Public financing -- in which funds are given to candidates who can reach fund-raising plateaus -- has been in place for San Francisco supervisoral candidates since 2000 and mayoral candidates since 2005. And almost as soon as city law established that $1.9 million was to be placed in reserve for public financing each year, San Francisco politicians -- namely the mayor -- found ways to drain an equal or greater amount.
Our calls to Mirkarimi have not yet been returned -- to be fair to the man, there is a full board meeting today. In the past, he's said the specter of lost jobs spurred his decision to send the $1 million to the convention center.
Fair enough, say public finance advocates. Pitting public finance against poignant, pressing matters may be the logical -- and politically expedient -- thing to do. But it also ensures public financing will always lose out.
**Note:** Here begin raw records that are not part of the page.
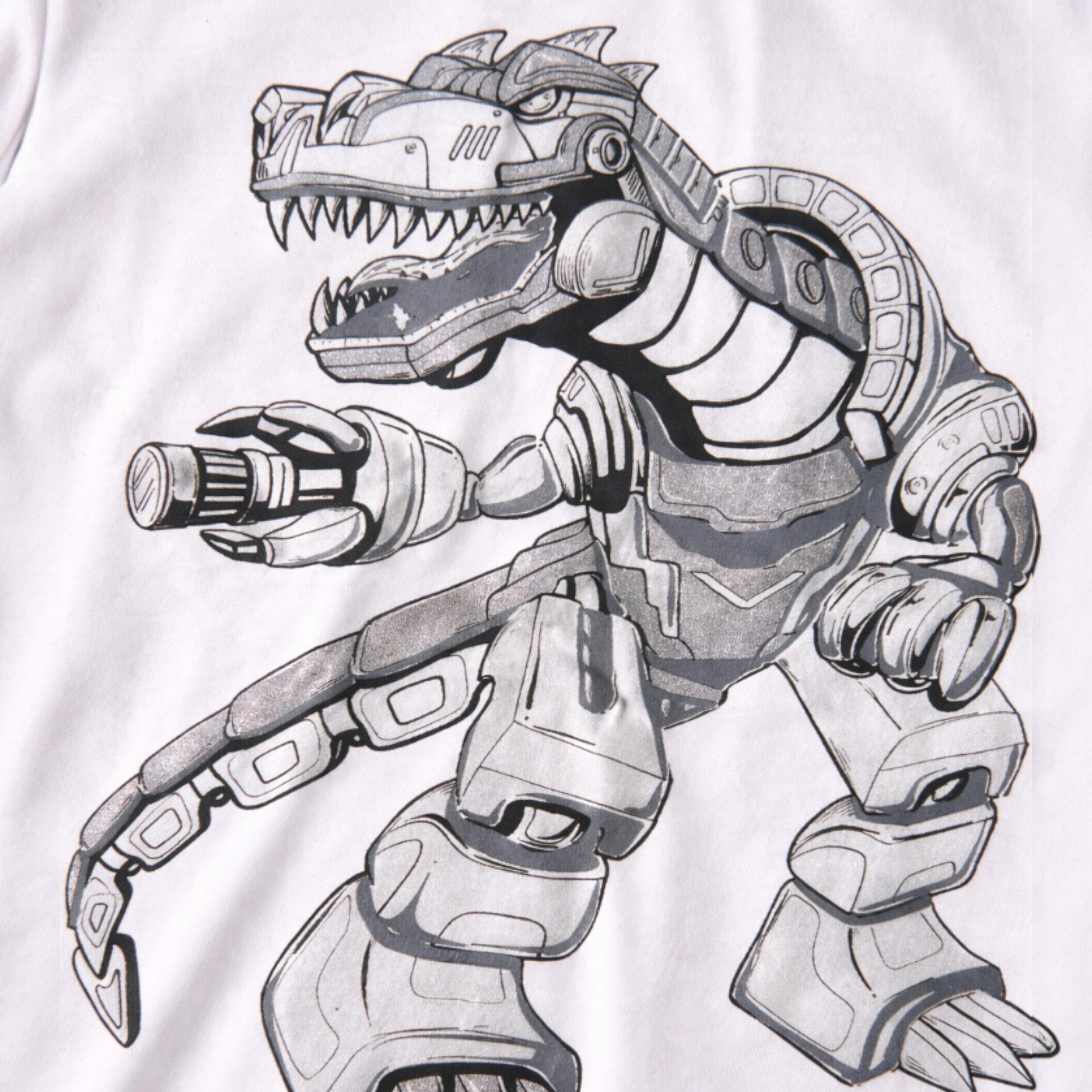 طقم تي شيرت برسومات ديناصور وشورت أسود من فيكتور آند جين-boys-clothing-setsandcoords-image-6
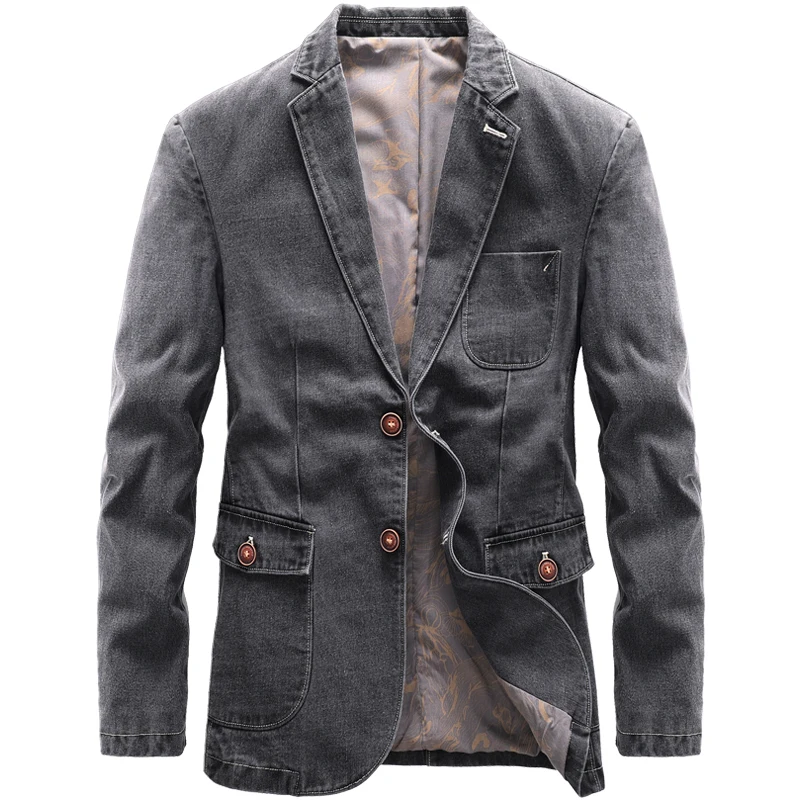 New Men's Denim Blazers Oversized Jacket Men Clothing Black Blazer Male Outerwear Spring Autumn Streetwear Casual Handsome Coats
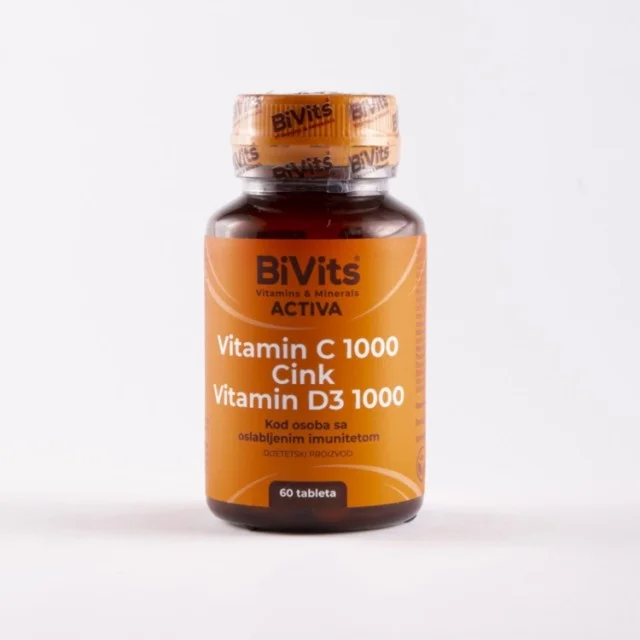 BIVITS ACTIVA VITAMIN C 100, CINK, VITAMIN D3 1000 60 TABLETA - Online Apoteka BIVITS ACTIVA VITAMIN C 100, CINK, VITAMIN D3 1000 60 TABLETA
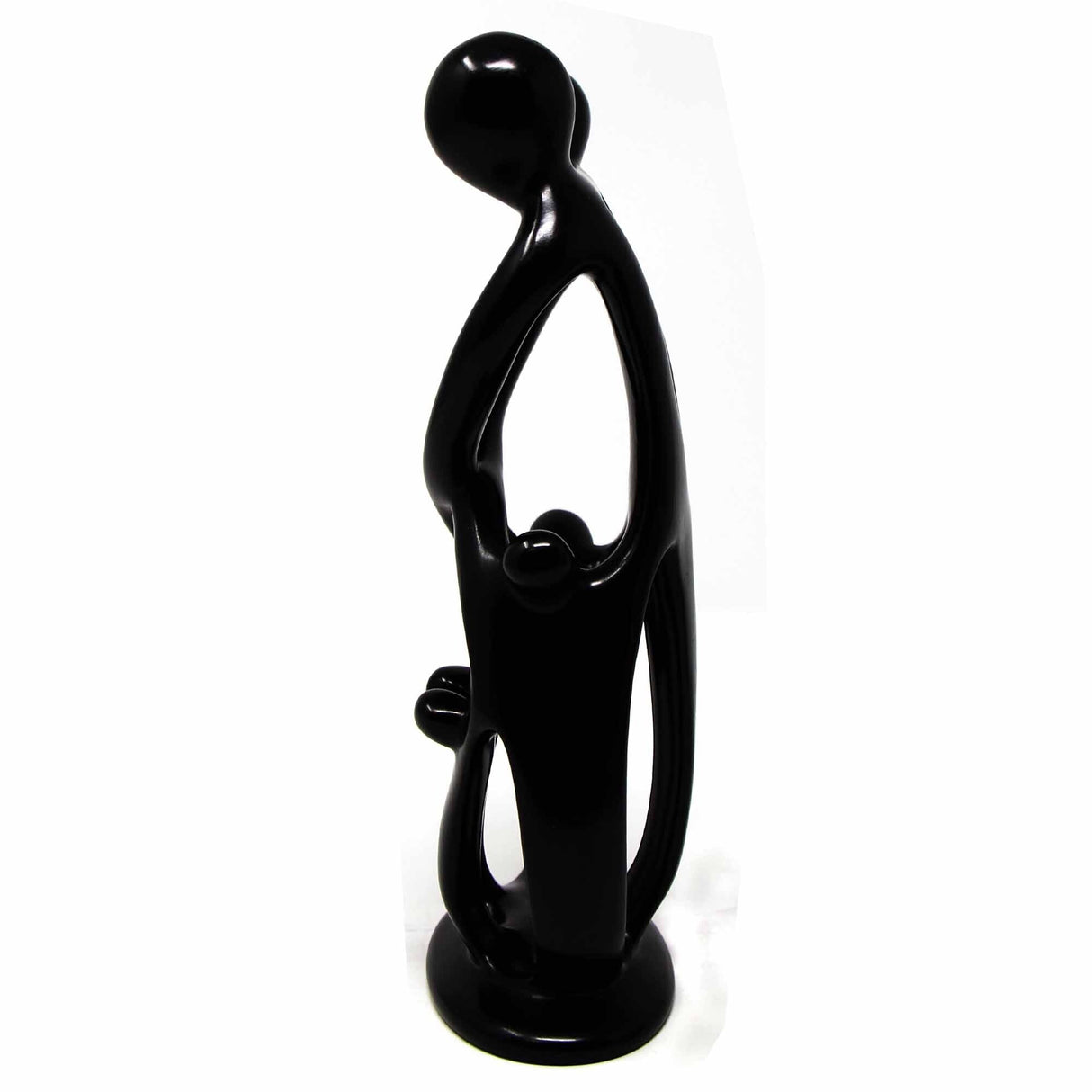 Handmade Soapstone Family Sculpture, Black Finish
"We shouldn't have to argue against school lunches or potholes or any other thing," said Rob Arnow, the co-author of the city's 2005 mayoral public financing law. "Rather, we've argued in the general sense that public financing is important -- and saves money in the long run. Governments have huge budget problems because they act in the interest of campaign contributors demanding favors -- and legislation helping them doesn't help the public."
Messages for Ethics Commission Executive Director John St. Croix asking the balance of the city's public financing fund have not yet been returned. But Arnow pieced together the year's additions -- and subtractions -- to the fund before declaring this latest move leaves 2011 mayoral hopefuls in the lurch.